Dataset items
——————

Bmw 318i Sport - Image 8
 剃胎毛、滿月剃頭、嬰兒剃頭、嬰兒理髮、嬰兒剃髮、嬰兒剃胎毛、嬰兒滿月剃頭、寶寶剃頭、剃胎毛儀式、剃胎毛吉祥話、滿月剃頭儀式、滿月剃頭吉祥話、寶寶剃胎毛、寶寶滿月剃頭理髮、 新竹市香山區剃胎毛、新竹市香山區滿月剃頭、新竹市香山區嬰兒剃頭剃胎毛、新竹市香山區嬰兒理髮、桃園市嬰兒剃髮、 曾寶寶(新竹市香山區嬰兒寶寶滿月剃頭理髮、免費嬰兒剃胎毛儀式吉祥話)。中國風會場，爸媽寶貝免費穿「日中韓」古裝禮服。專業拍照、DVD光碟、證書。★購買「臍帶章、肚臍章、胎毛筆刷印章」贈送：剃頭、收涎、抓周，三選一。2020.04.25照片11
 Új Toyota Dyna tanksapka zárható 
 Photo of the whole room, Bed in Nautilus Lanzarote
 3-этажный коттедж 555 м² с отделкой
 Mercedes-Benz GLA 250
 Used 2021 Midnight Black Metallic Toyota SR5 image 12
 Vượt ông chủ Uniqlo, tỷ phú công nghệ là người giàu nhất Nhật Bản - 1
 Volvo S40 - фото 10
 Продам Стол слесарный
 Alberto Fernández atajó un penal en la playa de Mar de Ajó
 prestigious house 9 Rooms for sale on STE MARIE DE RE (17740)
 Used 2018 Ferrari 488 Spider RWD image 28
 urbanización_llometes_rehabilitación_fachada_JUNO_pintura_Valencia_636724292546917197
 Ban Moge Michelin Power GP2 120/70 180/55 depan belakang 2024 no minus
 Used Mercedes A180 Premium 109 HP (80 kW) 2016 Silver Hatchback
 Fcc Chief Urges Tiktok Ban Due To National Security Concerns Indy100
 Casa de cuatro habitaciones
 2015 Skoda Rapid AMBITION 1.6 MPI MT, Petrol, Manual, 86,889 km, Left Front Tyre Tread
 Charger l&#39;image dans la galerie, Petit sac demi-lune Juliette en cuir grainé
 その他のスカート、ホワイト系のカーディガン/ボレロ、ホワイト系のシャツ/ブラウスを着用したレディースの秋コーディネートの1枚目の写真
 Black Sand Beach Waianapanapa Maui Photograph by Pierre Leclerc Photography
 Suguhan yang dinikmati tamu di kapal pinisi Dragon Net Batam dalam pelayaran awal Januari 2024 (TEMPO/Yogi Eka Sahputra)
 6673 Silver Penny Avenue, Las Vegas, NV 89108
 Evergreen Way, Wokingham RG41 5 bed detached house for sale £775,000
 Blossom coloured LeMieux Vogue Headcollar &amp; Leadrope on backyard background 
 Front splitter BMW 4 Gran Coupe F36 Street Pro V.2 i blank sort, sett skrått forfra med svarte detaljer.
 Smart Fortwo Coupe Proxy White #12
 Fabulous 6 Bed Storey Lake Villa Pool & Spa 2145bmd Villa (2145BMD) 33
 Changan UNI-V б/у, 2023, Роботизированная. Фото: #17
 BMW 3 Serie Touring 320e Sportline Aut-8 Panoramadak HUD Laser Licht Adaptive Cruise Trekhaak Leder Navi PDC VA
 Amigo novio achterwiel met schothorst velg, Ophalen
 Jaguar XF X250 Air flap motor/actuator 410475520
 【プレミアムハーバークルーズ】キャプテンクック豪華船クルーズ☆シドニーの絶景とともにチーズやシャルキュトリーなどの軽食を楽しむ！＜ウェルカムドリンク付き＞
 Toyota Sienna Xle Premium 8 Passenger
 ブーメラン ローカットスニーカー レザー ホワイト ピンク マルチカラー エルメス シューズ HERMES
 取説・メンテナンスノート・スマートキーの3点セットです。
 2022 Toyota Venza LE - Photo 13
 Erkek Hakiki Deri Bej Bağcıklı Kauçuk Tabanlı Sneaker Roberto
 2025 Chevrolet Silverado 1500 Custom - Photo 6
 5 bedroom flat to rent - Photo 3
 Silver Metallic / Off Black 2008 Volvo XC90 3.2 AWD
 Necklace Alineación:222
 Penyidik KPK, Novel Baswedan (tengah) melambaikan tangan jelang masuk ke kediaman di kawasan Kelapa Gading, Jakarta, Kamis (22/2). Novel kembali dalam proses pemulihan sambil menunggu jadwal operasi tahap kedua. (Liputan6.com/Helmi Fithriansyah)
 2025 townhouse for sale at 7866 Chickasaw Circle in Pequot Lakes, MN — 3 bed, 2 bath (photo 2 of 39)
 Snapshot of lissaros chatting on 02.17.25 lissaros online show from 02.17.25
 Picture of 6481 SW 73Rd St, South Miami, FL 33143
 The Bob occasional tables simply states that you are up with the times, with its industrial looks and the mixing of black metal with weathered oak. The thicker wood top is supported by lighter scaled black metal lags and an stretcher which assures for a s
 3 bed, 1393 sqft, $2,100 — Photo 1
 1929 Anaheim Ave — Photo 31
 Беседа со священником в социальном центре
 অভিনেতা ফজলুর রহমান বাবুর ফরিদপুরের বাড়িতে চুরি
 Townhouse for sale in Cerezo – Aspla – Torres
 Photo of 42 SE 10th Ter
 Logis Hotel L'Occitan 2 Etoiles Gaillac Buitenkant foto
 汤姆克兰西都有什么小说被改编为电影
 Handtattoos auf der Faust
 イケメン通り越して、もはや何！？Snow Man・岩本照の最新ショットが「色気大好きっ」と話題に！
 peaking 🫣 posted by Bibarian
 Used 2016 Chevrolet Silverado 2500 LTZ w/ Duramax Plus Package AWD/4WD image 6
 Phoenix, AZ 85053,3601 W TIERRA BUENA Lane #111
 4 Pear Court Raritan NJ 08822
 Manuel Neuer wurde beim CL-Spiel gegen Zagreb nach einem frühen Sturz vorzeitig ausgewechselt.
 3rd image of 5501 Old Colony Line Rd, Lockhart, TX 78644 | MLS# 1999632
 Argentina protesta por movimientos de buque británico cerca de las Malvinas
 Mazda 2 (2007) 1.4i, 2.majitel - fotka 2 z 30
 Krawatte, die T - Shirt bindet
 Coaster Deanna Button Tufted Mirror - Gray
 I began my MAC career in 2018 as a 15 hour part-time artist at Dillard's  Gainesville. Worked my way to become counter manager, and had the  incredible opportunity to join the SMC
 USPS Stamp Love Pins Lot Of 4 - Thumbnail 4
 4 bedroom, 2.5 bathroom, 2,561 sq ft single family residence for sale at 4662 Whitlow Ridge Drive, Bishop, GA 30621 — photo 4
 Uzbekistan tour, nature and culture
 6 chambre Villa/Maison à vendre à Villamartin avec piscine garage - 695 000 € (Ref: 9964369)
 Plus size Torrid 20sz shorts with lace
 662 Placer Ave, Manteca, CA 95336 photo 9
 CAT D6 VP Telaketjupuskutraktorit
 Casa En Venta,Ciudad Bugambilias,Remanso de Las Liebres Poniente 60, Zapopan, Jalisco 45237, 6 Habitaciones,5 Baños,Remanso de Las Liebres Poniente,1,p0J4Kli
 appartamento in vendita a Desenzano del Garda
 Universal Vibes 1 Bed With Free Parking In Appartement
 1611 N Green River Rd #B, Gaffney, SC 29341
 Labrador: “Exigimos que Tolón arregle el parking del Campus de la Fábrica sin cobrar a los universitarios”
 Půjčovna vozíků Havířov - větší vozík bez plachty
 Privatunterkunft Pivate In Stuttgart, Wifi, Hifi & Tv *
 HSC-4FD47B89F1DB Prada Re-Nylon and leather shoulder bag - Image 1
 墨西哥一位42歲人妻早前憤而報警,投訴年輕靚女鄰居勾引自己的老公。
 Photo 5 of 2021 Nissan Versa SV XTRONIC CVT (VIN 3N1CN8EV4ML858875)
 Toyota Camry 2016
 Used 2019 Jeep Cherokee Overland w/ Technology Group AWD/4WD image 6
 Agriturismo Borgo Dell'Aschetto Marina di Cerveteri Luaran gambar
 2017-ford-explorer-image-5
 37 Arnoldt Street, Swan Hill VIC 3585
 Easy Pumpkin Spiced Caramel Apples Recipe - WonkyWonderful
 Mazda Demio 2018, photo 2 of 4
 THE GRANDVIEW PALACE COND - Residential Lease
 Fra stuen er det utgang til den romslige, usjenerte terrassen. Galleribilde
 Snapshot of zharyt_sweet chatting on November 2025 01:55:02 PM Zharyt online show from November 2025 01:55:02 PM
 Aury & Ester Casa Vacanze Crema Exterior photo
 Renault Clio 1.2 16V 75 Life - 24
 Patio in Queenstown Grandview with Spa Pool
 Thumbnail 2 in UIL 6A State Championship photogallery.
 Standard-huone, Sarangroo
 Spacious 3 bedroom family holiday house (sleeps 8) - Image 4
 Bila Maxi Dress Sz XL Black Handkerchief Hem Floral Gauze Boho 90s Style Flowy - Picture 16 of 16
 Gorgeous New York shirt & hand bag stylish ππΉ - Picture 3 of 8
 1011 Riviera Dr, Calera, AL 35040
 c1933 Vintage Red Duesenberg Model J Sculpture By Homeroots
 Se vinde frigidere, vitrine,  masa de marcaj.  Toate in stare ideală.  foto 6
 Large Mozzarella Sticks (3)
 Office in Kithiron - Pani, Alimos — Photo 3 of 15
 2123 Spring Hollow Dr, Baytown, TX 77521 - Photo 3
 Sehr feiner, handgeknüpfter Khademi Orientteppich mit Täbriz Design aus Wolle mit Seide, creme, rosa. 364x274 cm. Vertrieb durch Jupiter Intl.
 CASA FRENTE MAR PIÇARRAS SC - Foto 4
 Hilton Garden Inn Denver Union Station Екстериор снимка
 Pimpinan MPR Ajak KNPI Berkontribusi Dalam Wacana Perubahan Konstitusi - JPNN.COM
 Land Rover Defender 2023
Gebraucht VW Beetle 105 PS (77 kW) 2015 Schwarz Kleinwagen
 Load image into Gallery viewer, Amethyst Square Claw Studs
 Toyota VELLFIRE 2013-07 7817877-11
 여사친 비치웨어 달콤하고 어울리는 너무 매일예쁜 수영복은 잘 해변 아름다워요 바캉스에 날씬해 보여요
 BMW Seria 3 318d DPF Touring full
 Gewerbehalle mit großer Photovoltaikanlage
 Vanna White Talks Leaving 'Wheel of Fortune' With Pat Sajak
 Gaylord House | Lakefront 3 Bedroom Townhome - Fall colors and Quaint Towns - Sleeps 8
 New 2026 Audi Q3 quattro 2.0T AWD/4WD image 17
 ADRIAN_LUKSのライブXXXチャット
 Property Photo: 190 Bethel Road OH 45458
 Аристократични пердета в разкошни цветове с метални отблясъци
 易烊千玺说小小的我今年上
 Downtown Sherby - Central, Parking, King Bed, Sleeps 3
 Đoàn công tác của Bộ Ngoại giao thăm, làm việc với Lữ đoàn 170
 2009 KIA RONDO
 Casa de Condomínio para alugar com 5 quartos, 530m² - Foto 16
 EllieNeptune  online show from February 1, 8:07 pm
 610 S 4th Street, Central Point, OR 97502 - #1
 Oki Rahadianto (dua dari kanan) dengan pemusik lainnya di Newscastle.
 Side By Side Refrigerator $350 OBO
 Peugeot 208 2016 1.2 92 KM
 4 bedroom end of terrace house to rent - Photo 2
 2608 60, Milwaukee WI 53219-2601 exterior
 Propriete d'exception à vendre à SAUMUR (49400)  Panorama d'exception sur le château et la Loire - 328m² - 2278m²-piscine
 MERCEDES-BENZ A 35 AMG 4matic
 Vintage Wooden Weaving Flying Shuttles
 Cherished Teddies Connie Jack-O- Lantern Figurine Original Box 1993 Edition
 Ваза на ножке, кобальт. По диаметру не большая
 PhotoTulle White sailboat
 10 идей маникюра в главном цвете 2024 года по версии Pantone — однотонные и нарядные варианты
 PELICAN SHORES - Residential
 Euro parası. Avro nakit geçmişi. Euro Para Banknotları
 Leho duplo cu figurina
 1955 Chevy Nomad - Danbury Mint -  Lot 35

——————

» EXERCISE OBJECTIVE
In restating the data, begin at its first line, reproduce each line word for word, and conclude with the line that contains "Amigo novio achterwiel".

» OUTPUT FOR THIS EXERCISE
Bmw 318i Sport - Image 8
 剃胎毛、滿月剃頭、嬰兒剃頭、嬰兒理髮、嬰兒剃髮、嬰兒剃胎毛、嬰兒滿月剃頭、寶寶剃頭、剃胎毛儀式、剃胎毛吉祥話、滿月剃頭儀式、滿月剃頭吉祥話、寶寶剃胎毛、寶寶滿月剃頭理髮、 新竹市香山區剃胎毛、新竹市香山區滿月剃頭、新竹市香山區嬰兒剃頭剃胎毛、新竹市香山區嬰兒理髮、桃園市嬰兒剃髮、 曾寶寶(新竹市香山區嬰兒寶寶滿月剃頭理髮、免費嬰兒剃胎毛儀式吉祥話)。中國風會場，爸媽寶貝免費穿「日中韓」古裝禮服。專業拍照、DVD光碟、證書。★購買「臍帶章、肚臍章、胎毛筆刷印章」贈送：剃頭、收涎、抓周，三選一。2020.04.25照片11
 Új Toyota Dyna tanksapka zárható 
 Photo of the whole room, Bed in Nautilus Lanzarote
 3-этажный коттедж 555 м² с отделкой
 Mercedes-Benz GLA 250
 Used 2021 Midnight Black Metallic Toyota SR5 image 12
 Vượt ông chủ Uniqlo, tỷ phú công nghệ là người giàu nhất Nhật Bản - 1
 Volvo S40 - фото 10
 Продам Стол слесарный
 Alberto Fernández atajó un penal en la playa de Mar de Ajó
 prestigious house 9 Rooms for sale on STE MARIE DE RE (17740)
 Used 2018 Ferrari 488 Spider RWD image 28
 urbanización_llometes_rehabilitación_fachada_JUNO_pintura_Valencia_636724292546917197
 Ban Moge Michelin Power GP2 120/70 180/55 depan belakang 2024 no minus
 Used Mercedes A180 Premium 109 HP (80 kW) 2016 Silver Hatchback
 Fcc Chief Urges Tiktok Ban Due To National Security Concerns Indy100
 Casa de cuatro habitaciones
 2015 Skoda Rapid AMBITION 1.6 MPI MT, Petrol, Manual, 86,889 km, Left Front Tyre Tread
 Charger l&#39;image dans la galerie, Petit sac demi-lune Juliette en cuir grainé
 その他のスカート、ホワイト系のカーディガン/ボレロ、ホワイト系のシャツ/ブラウスを着用したレディースの秋コーディネートの1枚目の写真
 Black Sand Beach Waianapanapa Maui Photograph by Pierre Leclerc Photography
 Suguhan yang dinikmati tamu di kapal pinisi Dragon Net Batam dalam pelayaran awal Januari 2024 (TEMPO/Yogi Eka Sahputra)
 6673 Silver Penny Avenue, Las Vegas, NV 89108
 Evergreen Way, Wokingham RG41 5 bed detached house for sale £775,000
 Blossom coloured LeMieux Vogue Headcollar &amp; Leadrope on backyard background 
 Front splitter BMW 4 Gran Coupe F36 Street Pro V.2 i blank sort, sett skrått forfra med svarte detaljer.
 Smart Fortwo Coupe Proxy White #12
 Fabulous 6 Bed Storey Lake Villa Pool & Spa 2145bmd Villa (2145BMD) 33
 Changan UNI-V б/у, 2023, Роботизированная. Фото: #17
 BMW 3 Serie Touring 320e Sportline Aut-8 Panoramadak HUD Laser Licht Adaptive Cruise Trekhaak Leder Navi PDC VA
 Amigo novio achterwiel met schothorst velg, Ophalen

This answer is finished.